Pull14 09-24-2011 04:11 PM

I see. If your not putting much more weight on the bar, 2-3 layered plywood "plates" should hold up pretty well for the time being assuming your not dropping them from above the waist on a regular basis. If there is an issue... wood is cheap and can be replaced.

As for "real" technique's -- hitech techniques seem to be pretty popular over here and are 17.5" / 445mm.

5kgLifter 09-24-2011 04:16 PM

Quote:

Originally Posted by Pull14 (Post 174373)
I see. If your not putting much more weight on the bar, 2-3 layered plywood "plates" should hold up pretty well for the time being assuming your not dropping them from above the waist on a regular basis.

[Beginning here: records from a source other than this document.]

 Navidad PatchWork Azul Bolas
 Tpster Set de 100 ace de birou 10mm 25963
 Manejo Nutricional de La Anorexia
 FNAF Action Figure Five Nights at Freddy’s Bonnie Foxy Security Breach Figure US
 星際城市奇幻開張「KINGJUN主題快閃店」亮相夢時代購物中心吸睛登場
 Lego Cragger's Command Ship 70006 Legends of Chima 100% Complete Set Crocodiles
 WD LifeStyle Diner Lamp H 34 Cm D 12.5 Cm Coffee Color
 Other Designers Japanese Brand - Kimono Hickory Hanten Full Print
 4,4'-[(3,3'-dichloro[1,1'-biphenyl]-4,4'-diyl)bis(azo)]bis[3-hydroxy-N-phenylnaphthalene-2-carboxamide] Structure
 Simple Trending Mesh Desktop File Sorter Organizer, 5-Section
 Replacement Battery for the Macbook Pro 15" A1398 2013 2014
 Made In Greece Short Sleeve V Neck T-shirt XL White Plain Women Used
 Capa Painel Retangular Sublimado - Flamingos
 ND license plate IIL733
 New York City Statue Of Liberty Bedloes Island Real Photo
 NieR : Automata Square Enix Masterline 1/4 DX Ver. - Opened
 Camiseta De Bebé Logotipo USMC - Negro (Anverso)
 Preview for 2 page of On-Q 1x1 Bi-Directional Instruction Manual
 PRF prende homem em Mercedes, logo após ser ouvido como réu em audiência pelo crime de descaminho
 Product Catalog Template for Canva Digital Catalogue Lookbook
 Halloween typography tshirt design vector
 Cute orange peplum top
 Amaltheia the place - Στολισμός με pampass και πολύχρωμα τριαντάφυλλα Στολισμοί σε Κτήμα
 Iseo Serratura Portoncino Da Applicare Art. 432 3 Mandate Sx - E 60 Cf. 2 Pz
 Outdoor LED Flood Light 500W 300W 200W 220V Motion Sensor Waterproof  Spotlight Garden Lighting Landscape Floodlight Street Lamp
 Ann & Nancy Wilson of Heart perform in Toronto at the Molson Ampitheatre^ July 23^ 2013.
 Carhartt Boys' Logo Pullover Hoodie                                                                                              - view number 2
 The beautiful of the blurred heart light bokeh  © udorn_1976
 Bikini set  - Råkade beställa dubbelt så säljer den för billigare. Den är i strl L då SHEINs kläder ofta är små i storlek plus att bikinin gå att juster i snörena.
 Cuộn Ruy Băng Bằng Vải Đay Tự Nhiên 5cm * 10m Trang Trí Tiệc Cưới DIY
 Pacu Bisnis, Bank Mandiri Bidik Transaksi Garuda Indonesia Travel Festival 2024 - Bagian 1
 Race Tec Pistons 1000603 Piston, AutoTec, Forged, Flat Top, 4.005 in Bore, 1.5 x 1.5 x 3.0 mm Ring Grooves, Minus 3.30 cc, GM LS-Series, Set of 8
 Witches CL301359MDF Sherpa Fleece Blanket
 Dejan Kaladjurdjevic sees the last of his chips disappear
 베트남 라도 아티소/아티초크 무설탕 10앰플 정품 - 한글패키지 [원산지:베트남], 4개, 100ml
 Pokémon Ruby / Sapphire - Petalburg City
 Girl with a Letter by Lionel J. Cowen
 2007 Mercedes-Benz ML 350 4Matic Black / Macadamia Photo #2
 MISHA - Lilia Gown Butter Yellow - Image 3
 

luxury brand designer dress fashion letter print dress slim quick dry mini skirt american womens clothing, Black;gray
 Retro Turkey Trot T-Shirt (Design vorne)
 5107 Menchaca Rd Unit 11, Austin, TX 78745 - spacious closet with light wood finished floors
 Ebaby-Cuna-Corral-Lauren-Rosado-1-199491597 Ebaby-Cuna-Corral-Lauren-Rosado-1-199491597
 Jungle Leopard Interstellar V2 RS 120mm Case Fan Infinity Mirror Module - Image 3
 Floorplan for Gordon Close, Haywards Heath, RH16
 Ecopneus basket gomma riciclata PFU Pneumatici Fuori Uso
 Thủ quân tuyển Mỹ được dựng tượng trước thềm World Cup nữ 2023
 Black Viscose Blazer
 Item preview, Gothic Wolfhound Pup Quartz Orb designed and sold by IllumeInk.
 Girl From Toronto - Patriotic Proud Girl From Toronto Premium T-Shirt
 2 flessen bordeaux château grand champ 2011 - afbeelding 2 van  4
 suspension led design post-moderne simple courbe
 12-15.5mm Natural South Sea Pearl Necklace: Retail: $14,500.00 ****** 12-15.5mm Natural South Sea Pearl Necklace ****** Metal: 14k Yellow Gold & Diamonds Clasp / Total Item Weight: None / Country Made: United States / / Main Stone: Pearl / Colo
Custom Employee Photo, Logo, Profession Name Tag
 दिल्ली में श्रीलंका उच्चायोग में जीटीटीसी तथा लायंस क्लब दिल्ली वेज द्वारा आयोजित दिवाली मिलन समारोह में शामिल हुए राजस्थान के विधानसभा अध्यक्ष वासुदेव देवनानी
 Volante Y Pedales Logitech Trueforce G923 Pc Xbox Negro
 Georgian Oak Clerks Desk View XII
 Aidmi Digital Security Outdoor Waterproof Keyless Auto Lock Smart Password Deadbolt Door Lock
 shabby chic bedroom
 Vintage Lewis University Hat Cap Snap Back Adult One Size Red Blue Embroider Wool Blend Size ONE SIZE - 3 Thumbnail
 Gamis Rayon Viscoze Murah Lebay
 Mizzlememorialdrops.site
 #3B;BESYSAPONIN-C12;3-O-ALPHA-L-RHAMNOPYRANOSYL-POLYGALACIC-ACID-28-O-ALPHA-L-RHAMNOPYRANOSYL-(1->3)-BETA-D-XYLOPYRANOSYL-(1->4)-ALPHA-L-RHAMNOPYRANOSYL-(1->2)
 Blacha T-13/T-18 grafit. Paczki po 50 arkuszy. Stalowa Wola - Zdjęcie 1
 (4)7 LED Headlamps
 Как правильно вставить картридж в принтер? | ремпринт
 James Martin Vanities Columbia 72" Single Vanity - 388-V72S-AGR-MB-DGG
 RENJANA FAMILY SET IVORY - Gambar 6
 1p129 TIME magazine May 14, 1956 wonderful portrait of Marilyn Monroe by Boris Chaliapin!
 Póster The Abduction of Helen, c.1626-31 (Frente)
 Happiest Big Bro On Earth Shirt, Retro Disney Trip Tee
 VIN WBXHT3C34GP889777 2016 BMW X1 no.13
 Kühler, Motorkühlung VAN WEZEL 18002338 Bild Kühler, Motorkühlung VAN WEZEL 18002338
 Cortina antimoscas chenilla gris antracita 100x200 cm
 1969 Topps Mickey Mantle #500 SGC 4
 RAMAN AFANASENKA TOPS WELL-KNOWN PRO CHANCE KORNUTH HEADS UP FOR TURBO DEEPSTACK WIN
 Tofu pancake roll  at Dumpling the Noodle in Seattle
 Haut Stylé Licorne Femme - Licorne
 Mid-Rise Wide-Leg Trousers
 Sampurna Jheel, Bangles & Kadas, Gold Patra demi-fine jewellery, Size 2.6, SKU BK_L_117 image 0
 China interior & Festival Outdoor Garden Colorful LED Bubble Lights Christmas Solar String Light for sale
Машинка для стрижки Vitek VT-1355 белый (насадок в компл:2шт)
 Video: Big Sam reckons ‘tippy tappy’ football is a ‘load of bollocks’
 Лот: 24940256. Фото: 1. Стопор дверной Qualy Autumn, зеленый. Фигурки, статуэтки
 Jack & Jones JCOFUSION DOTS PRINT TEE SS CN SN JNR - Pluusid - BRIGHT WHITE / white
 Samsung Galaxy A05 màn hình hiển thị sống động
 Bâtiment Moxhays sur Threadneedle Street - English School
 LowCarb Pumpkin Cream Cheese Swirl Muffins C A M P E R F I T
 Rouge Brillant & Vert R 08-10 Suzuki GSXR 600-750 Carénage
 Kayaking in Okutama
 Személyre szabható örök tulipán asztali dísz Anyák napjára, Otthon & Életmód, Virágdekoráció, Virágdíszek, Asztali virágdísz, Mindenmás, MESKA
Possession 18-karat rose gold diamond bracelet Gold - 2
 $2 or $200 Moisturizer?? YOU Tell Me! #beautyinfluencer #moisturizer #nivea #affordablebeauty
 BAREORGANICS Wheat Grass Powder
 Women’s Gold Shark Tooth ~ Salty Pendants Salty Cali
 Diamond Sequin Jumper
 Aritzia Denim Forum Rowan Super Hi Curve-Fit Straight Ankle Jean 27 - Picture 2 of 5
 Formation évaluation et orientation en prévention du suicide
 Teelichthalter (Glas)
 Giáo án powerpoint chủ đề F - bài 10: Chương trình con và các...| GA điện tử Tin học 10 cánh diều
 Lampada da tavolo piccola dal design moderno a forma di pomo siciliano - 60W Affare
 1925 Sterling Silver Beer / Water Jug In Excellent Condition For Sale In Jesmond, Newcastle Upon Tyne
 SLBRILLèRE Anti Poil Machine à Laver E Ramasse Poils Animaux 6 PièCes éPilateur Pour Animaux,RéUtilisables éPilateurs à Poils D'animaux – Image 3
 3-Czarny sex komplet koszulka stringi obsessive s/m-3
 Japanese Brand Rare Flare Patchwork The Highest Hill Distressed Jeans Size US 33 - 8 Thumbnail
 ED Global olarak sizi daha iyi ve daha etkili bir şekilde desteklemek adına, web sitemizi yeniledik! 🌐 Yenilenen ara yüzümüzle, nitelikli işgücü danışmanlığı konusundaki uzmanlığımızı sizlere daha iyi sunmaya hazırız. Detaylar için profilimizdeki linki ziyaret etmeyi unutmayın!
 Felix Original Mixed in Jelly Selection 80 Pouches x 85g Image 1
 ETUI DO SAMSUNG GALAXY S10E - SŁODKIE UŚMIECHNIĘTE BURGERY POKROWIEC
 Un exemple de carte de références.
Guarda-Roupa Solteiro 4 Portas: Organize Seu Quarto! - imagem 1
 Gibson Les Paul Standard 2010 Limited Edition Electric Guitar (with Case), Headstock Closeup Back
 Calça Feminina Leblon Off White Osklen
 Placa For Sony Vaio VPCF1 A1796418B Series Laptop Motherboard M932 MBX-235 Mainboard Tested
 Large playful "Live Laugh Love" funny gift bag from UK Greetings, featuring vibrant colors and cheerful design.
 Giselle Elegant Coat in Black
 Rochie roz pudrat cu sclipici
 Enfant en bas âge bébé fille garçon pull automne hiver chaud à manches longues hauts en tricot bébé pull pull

If there is an issue... wood is cheap and can be replaced.

As for "real" technique's -- hitech techniques seem to be pretty popular over here and are 17.5" / 445mm.

Nope, no dropping occurs, apart from possibly during the last inch or so if grip gives before I start using the straps, but that's not very often. the other issue is that I only have a cheap bar so it's a 1" barbell diameter, so most 45cm plates won't fit, in fact, I don't think any of them will.

I'm seriously considering the block idea, instead of the wooden plates route; I reckon they will be more durable, should I slip at during the latter part of the lift.